When I use the console.log as suggested I do get {names :["John Doe","Jane Doe"]} but in my PHP i'm still getting Nulls when I var_dump.
Ok, try one step back, we will remove full name array for a time being and just pass {names : "my test name1"}, and check if you get correct value in php script. if you get correct value that means we have identified an issue with array to json string. otherwise there some other issues
Still nothing in PHP, all nulls. There gotta be something really wrong but I've used a similar script before.
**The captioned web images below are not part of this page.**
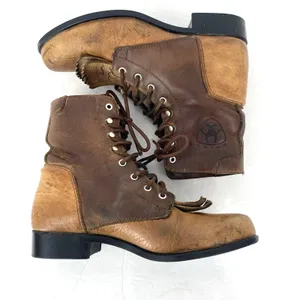Ariat Heritage Lacer Boots Distressed Brown Leather Women’s Size 6 thumbnail 5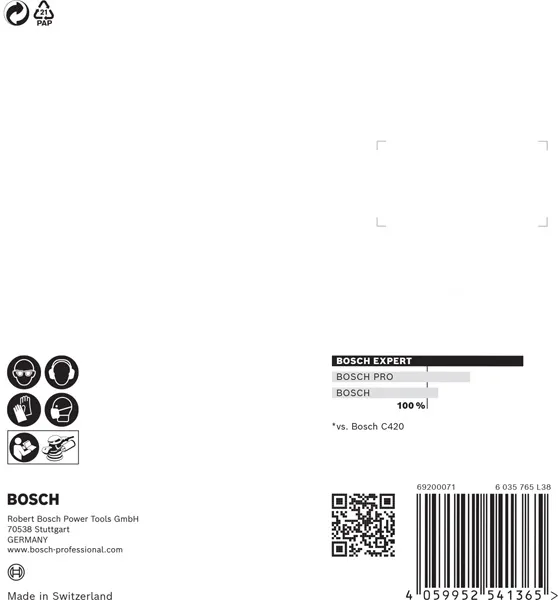 EXPERT C470 brusni papir sa 8 rupa za rotacione brusilice od 115 mm, G 180, 5 delova 2608900798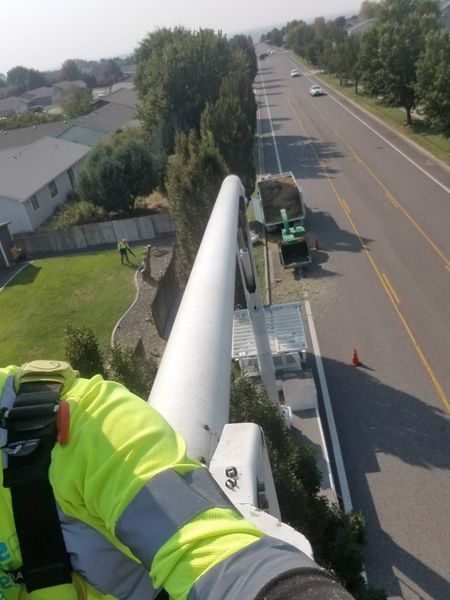 Worker in neon jacket on a bucket lift installing a utility pole by a roadside.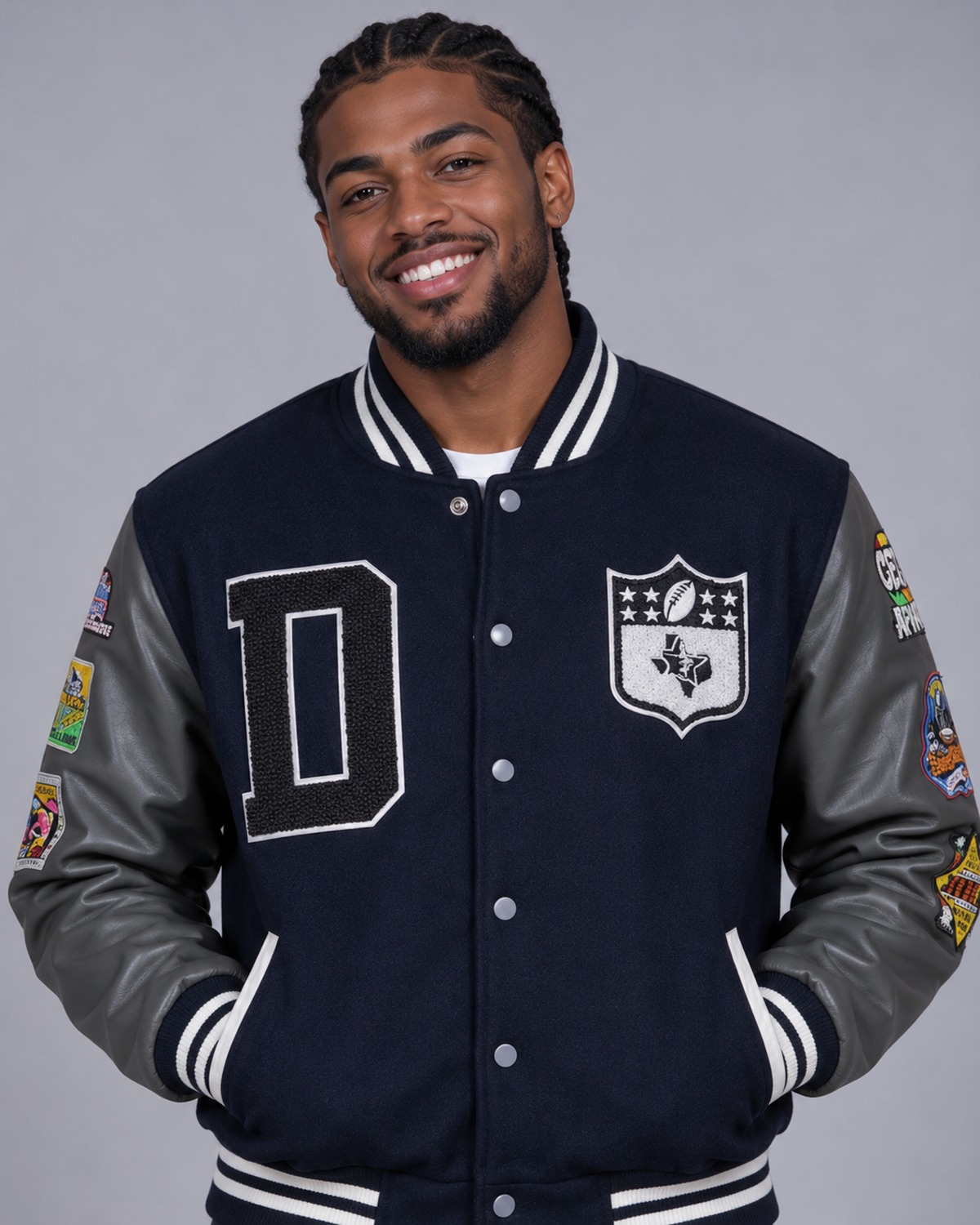 Man wearing a navy and grey wool varsity jacket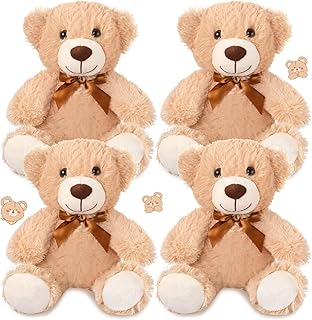 Civaner 4 Pack 14 Inches Teddy Bears Plush Stuffed Animals Cute Soft Bears Gifts Bulk for Women BFF Girlfriend(Light Brown)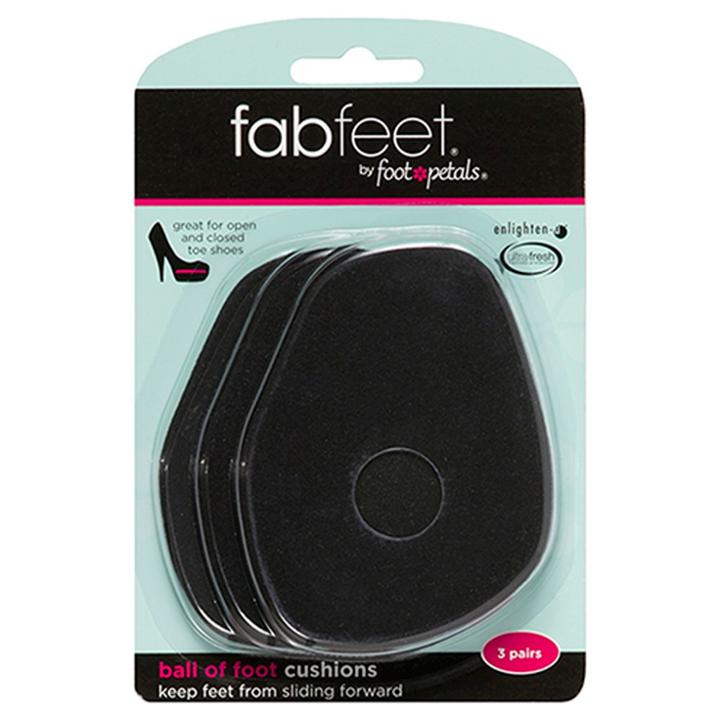 Women's Fab Feet By Foot Petals Ball Of Foot Insoles Shoe Cushion Black - 3 Pairs, Adult Unisex,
I'm just going to try from scratch with the ajax method mentioned below...
0 
/* client-side */
$.ajax({

   /* the request's method: */
   type: 'GET',

   /* the request's location: */
   url:'/names.php',

   /* the request's fields: */
   data: JSON.stringify({names: fullName}),

   /* the request's content-type : */
   contentType: 'application/json; charset=utf-8',

   /* the response's content-type: */
   dataType:'json',

   /* the callback function */ 
   success: function(json){

     if(json.length > 0){
         $.each(json, function(i, v){

            console.info(v);

         });
      }
      else {
         alert('wtf?!');
      }
});

/* server-side */
$req=array_merge($_GET, $_POST);

// die(print_r($req));

$names=json_decode($req['names']);
header('content-type: application/json; charset=utf8;');
echo json_encode($names);

Alternatively one could set the request-method for the request, I'm just a little lazy and with that array_merge() it just doesn't matter if the request was a POST or GET (well, function $.ajax defaults to GET). Best practice is to use FireBug and checkout it's net-panel, especially the XHR tab. Probably the question should have been: "How to use a XHR debugger?" because there's nothing tricky about this at all.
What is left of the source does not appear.